July 9 – August 3, 2018

Reception: Thursday, July 12, 6:00 – 8:00 pm

Artist Talk: Thursday, August 2, 6:00 – 8:00 pm

Merill Comeau Explores Community and Identity Through Textile Creations

In therapy, the term “family of origin” refers to the caretakers and siblings you grow up with, your first ever social group. In Merill Comeau’s upcoming show at the Chandler Gallery, the term, like the material she works with, is deconstructed and reimagined. Each piece is a representation of different familial experiences, and how those experiences intersect with one’s sense of identity and community.

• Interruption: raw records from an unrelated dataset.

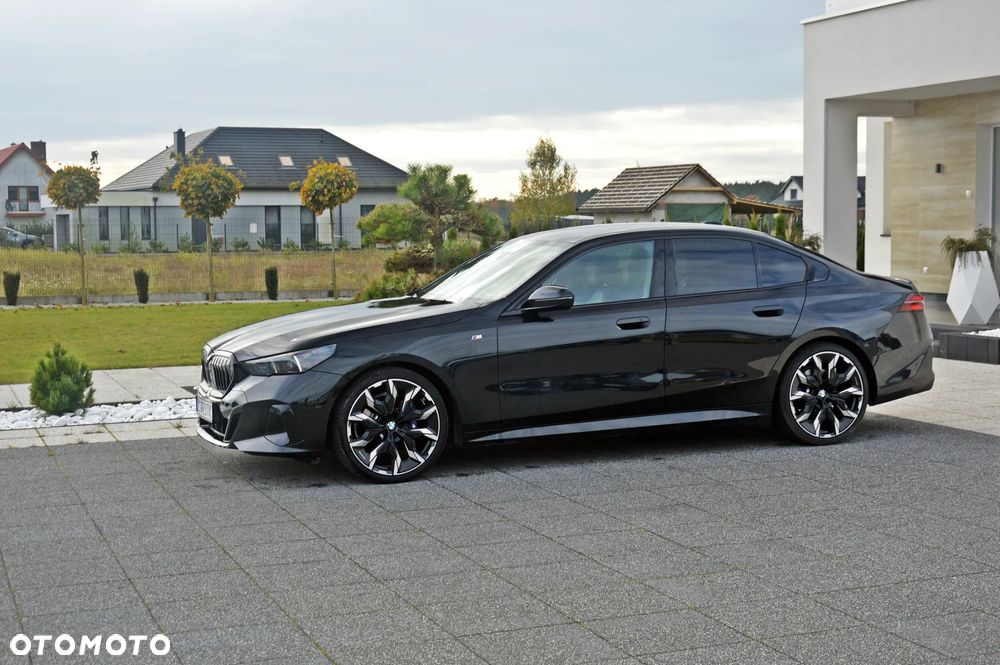 BMW Seria 5 - 12
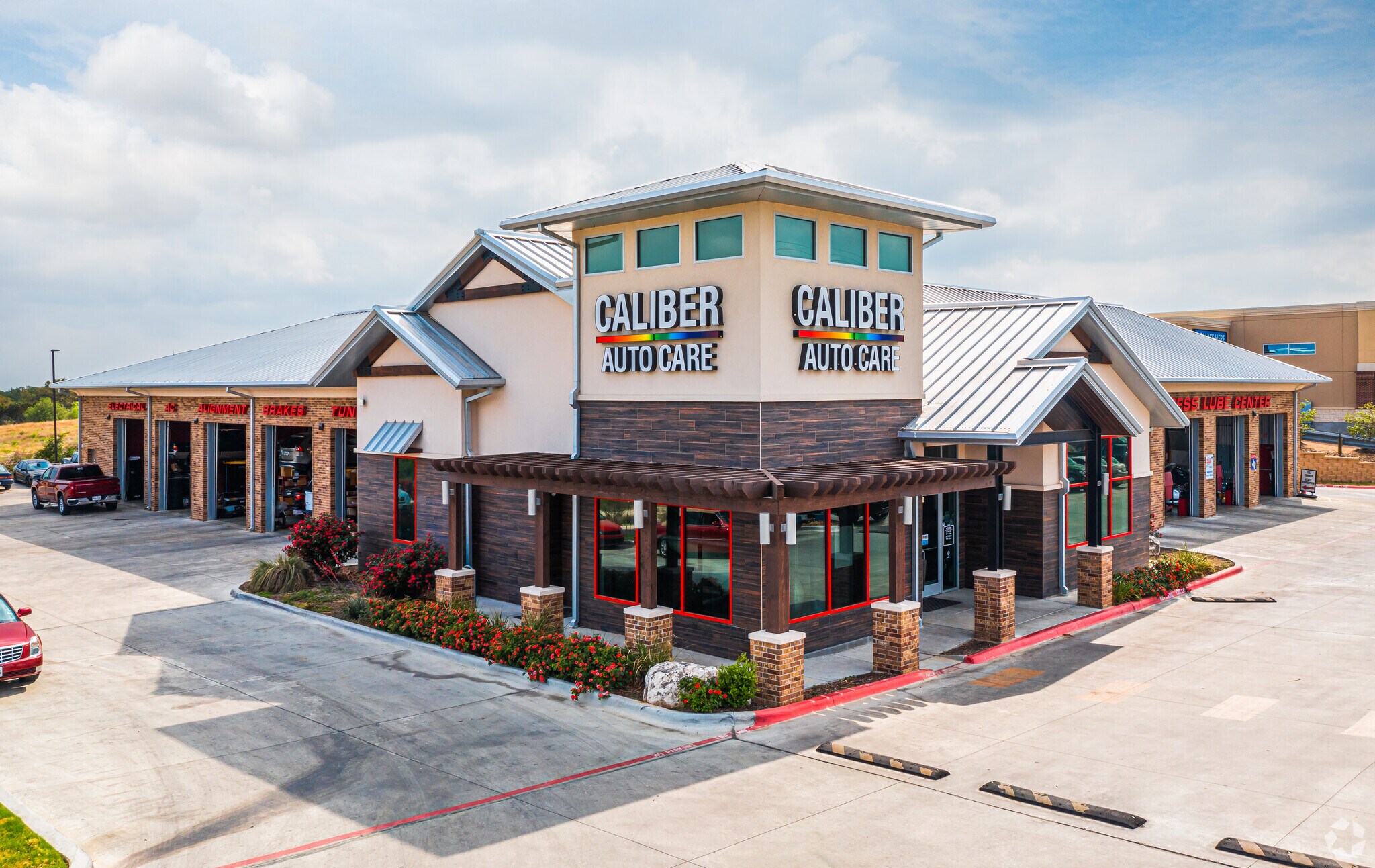 10330 Potranco Rd, San Antonio, TX for sale Primary Photo- Image 1 of 1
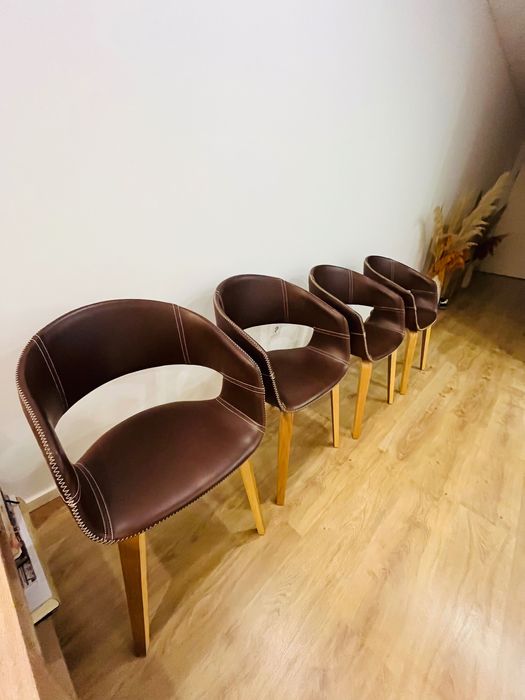 Cadeiras de jantar preço de cada uma 90€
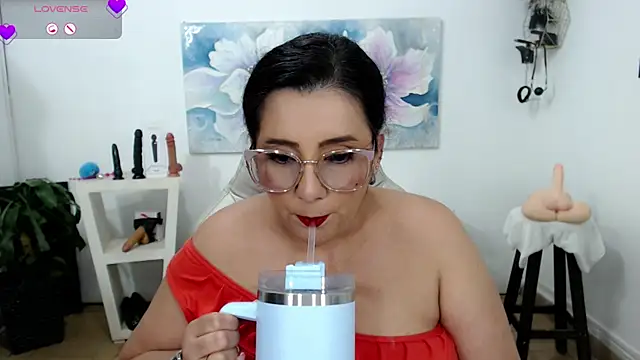 mom hot   online show from February 2025 12:19:01 AM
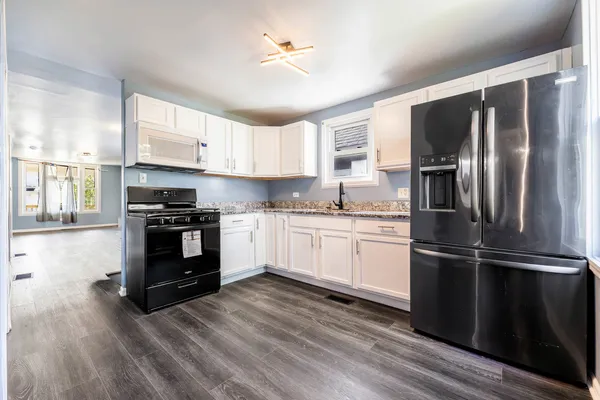 $2,000 | 554 Douglas Avenue, Calumet City, IL 60409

The installations, murals, and garments of Comeau’s show all have their own origins too: some with personal meaning, like her late mother’s blouses, others from vintage linens and miscellaneous re-purposed material, like the floor plan of a child’s bedroom. Clothing and fabric are distinctly human and, as Comeau noted, they are often used to mark life’s passages and rituals. These purposes are in mind as they are juxtaposed to “tell tales of our shared human experience.

“These materials reflect memories of lives lived, social constructs of identity and class, our speeded up consumer cycle and global issues of sustainability,” Comeau explained. “I deconstruct, paint, compost, reconstruct and embellish responding to the fabric’s origins and composing new narratives.”

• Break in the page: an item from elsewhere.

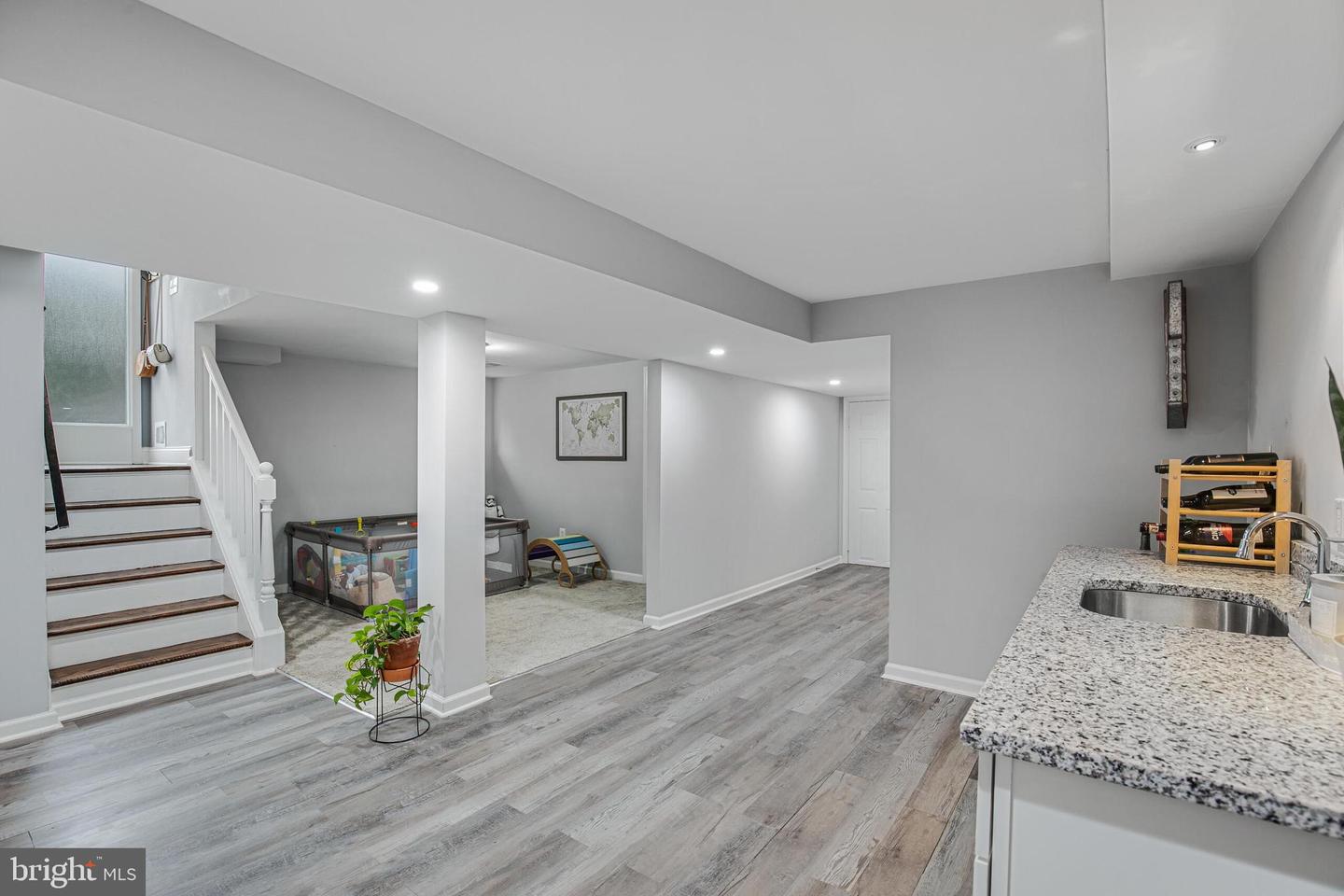 8205 Stardust Pl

While she derives some inspiration from feminist artists like Judy Chicago and Miriam Schapiro, Comeau also felt inspired in her work with the Massachusetts Department of Youth Services. There, she teaches art to students who are 14 to 22 years old, serving sentences in secure treatment facilities. “Frequently, they have experienced trauma within their ‘families of origin’ and often do not identify with society’s idealized image of well-functioning ‘normal’ family,” she said. “I share a similar feeling.

Her art, she explained, is a way of processing that trauma by performing tasks such as seam ripping, laundering, ironing and stitching. She both literally and figuratively mends and repairs, what she called “an act of exorcising memory and building hope.” Even when life is seemingly in tatters, there is something to be built from it.

“Family of Origin” is on display at the Chandler Gallery from July 9-August 3. The opening reception will be held on July 12, 6-8 p.m. The Chandler Gallery is a program under the umbrella of the Agassiz Baldwin Community, a private, non-profit organization that has provided quality programs and services in the Cambridge community for over 40 years. Agassiz Baldwin Community also manages Maud Morgan Arts, a full arts program of classes and workshops for all ages. Maud Morgan Arts works to reflect the diversity of talents of the community, bringing people together to make art, share art, and support visual arts education.